Leave aside that he keeps saying “of” instead of “at.” Forget that he does a 36-year time jump before the paragraph’s over. Forget (if it’s possible) that he says our Army “Rammed the Ramparts,” like the whole thing was some sort of low-budget period porno. The Continental Army, during the American Revolution, (or maybe the war of 1812, it’s a little hard to tell when we are at this point), “Took over the airports.”
Took over… the airports.
OK, maybe it was hard to see the teleprompter in the rain, maybe it just said “ports” and Trump accidentally said “airports.” Maybe because he’s constitutionally unable to ever admit a mistake, no matter how blatant and TOTALLY RIDICULOUS, he can’t just say, “Hey, I screwed up, like a human person does sometimes. Funny, right?” He’s just gonna let the whole “airports” thing slide and force us all to consider the possibility that Trump honestly thinks there were AIRPORTS IN 1776! Or 1812. Or whatever the hell time period he was talking about. Because he’s not just proud and arrogant, he’s very, very stupid. No one, not one single soul will remember anything about Trump’s whole Fourth of July tribute to himself, except him saying there were airports during the Revolutionary War.

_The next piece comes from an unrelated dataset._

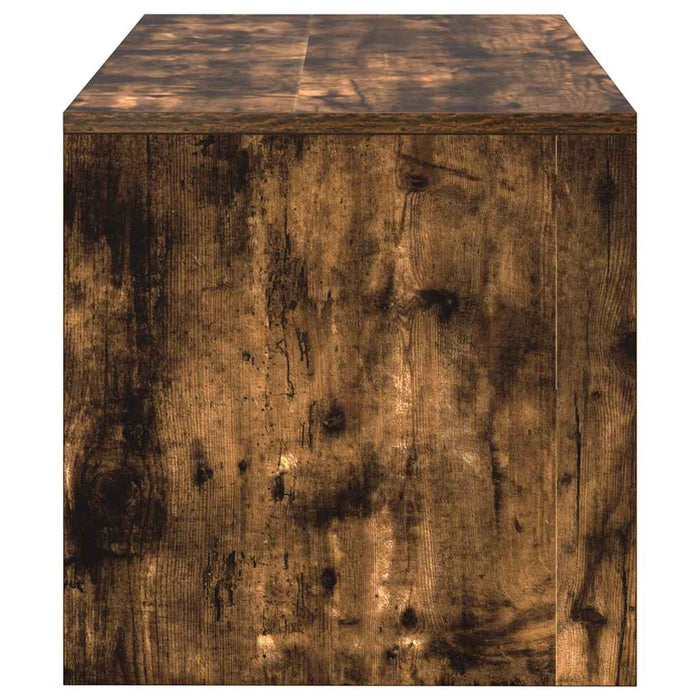 Dulap TV Stejar afumat 60x40x40 cm Lemn prelucrat - WALTI WALTI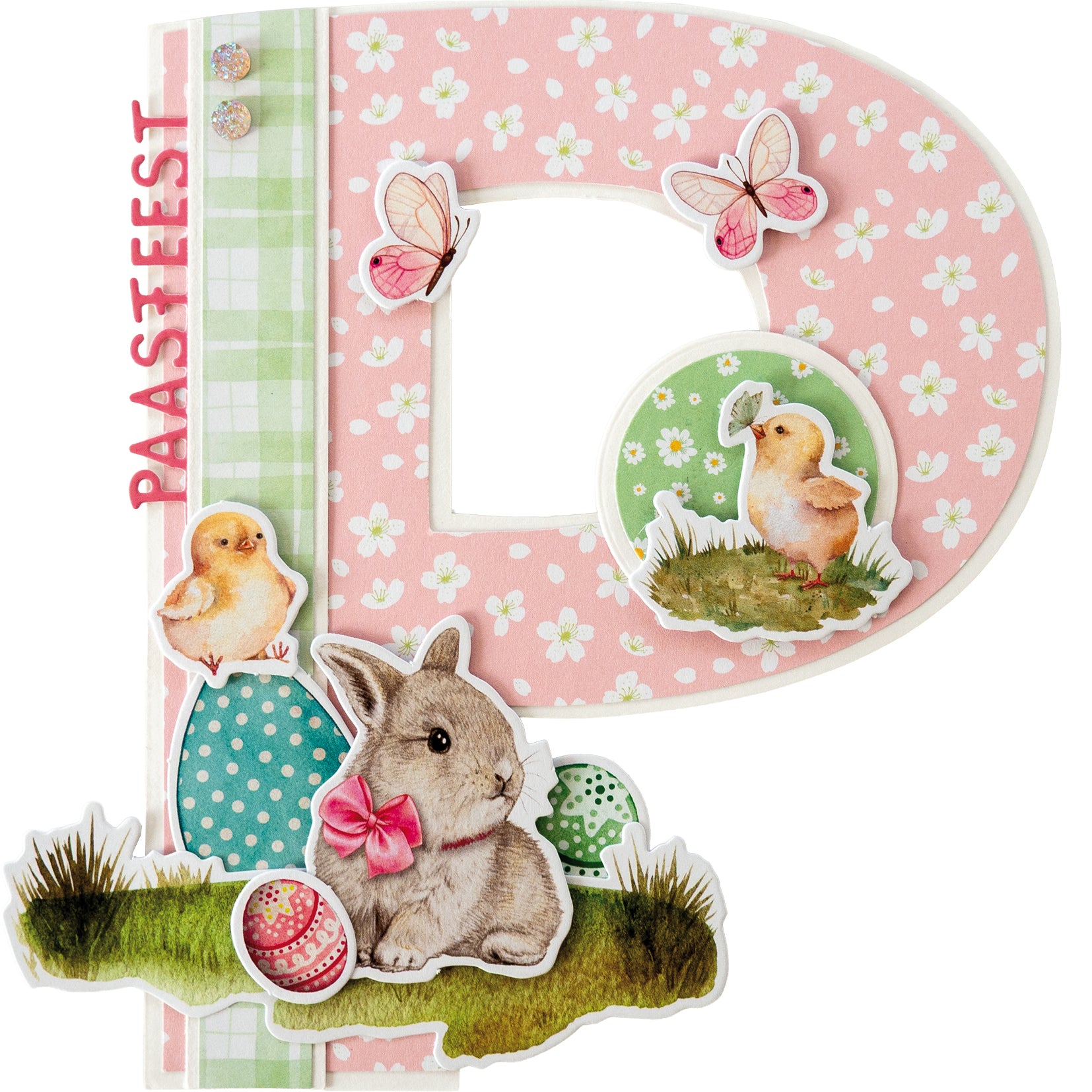 Marianne Design Die-Cuts - Happy Easter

We’re probably never going to know just how much this cluster-shindig cost, but it’s a pretty high price tag for the only take-away to be the president’s lack of clarity on when the airplane was invented.
Look at the photos. Look at that sad, lonely, ridiculous old man hunched over a podium behind a wall of rain soaked, bulletproof glass. Look at his miserable, frightened face. It’s like some inexplicably withered little punk hotwired Wonder Woman’s invisible plane and took it for a joy ride into a damn thunderstorm before remembering he has no idea how to land.
Maybe there’s a super high-tech Amazonian time travel button on the control panel. I hear the runway at Valley Forge International was smooth and straight and long and hardly ever crowded, great practice for highly unqualified aviators inclined to learn on the job. Who knows? He’s one of the luckiest men who ever lived. Maybe he’ll walk away from the inevitable crash.